This Act may be cited as the ``Offshore Fracking Transparency and
Review Act of 2015''.
SEC. 2. MORATORIUM ON OFFSHORE FRACTURING AND ACID WELL STIMULATION
TREATMENT.
Notwithstanding the terms of any lease or permit issued before the
date of the enactment of this Act, no person may engage in hydraulic
fracturing or acid well stimulation treatment in the Pacific Outer
Continental Shelf Region until the Secretary of the Interior has
published a report under section 3 and issued a final environmental
impact statement under section 4.
SEC. 3. STUDY OF CONDUCT AND IMPACTS OF HYDRAULIC FRACTURING AND ACID
WELL STIMULATION IN THE PACIFIC OCS REGION.

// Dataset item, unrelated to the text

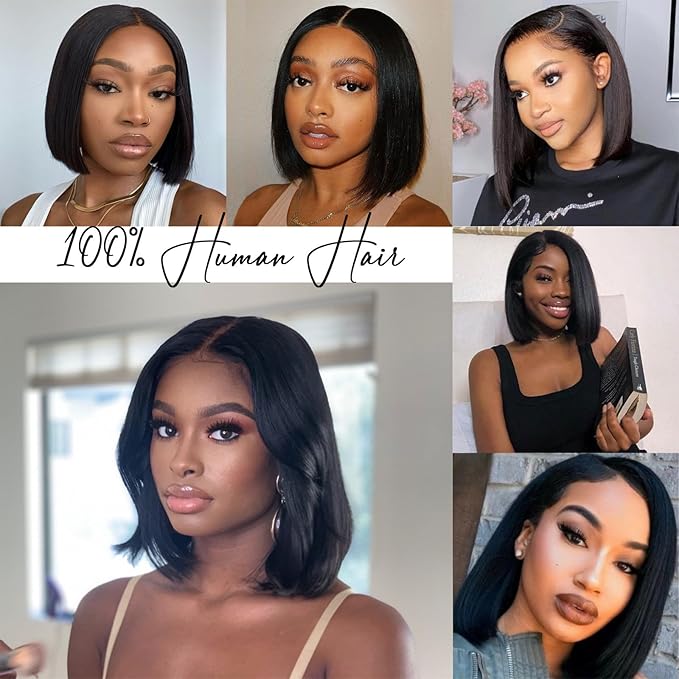 14 Inch Bob Wig Human Hair 13x4 HD Transparent Lace Front Wigs Human Hair Pre Plucked with Baby Hair Glueless Wigs Human Hair 180% Density Straight Frontal Lace Wigs for Women Natural Color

(a) In General.--To ensure the relevant agencies' data incorporate
the latest science and practices of the oil and gas industry, the
Secretary of the Interior shall conduct a study of the conduct and
impacts of hydraulic fracturing and acid well stimulation treatments in
the Pacific Outer Continental Shelf Region.

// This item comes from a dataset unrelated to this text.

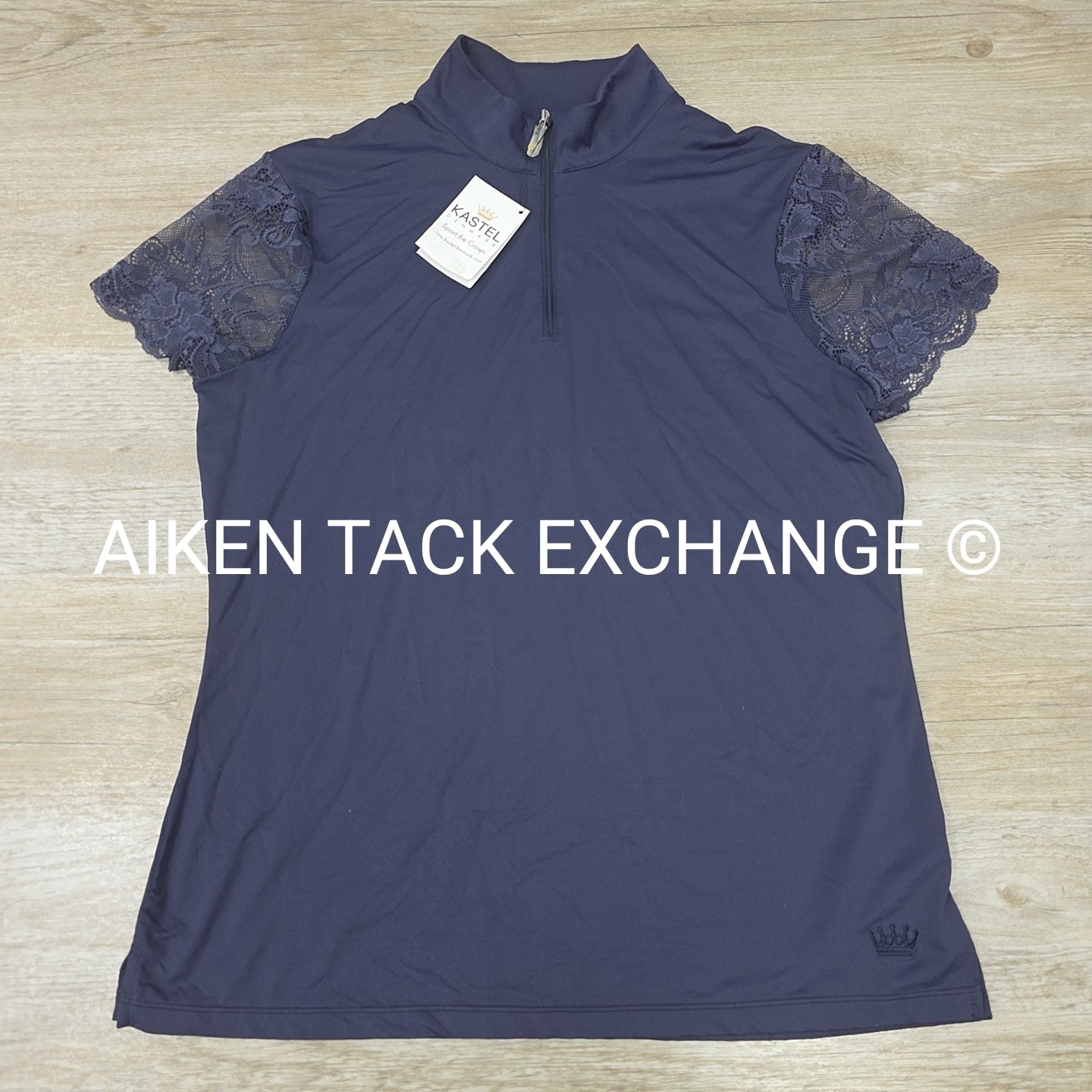 Kastel Denmark Lace Quarter Zip Cap Sleeve Top, Size Large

(b) Included Topics.--The study shall include, but shall not be
limited to--
(1) preparation of a descriptive inventory of all chemicals
used in offshore oil and gas development and production
activities in the Pacific Outer Continental Shelf Region,
including chemicals used in hydraulic fracturing and acid well
stimulation treatments;
(2) the volumes of chemicals used and disposed of in such
activities;
(3) the risks of a spill of such chemicals;
(4) an analysis of the methods by which such chemicals
enter the environment during hydraulic fracturing and acid well
stimulation treatments;
(5) a quantification, to the extent possible, of the amount
of such chemicals that enter the environment during hydraulic
fracturing and acid well stimulation treatments; and
(6) any other related matters the Secretary determines
necessary.
(c) Report.--Not later than 18 months after the date of the
enactment of this Act, the Secretary shall submit to Congress and
publish a report on the study conducted under this section.

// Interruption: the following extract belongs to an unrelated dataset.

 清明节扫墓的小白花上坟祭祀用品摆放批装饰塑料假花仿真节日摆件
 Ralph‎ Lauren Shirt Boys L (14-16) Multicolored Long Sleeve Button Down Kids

SEC. 4. ENVIRONMENTAL IMPACT STATEMENT.
Not later than 18 months after the issuance of the report under
section 3, the Secretary of the Interior shall, in coordination with
the Environmental Protection Agency and in consultation with
appropriate State agencies, issue an environmental impact statement
under section 102 of the National Environmental Policy Act of 1969 (42
U.S.C. 4332) regarding the impacts on the marine environment and public
health of offshore hydraulic fracturing and acid well stimulation
treatments conducted in the Pacific Outer Continental Shelf Region.
SEC. 5. PUBLIC NOTICE.
The Secretary shall notify all relevant State and local regulatory
agencies and publish a notice in the Federal Register--
(1) within 30 days after receiving any application for a
permit that would allow the conduct of offshore hydraulic
fracturing or an acid well stimulation treatment in the Pacific
Outer Continental Shelf Region; and
(2) within 30 days after the conduct of offshore hydraulic
fracturing or acid well stimulation treatment in such region
under a permit or other authorization issued by the Secretary.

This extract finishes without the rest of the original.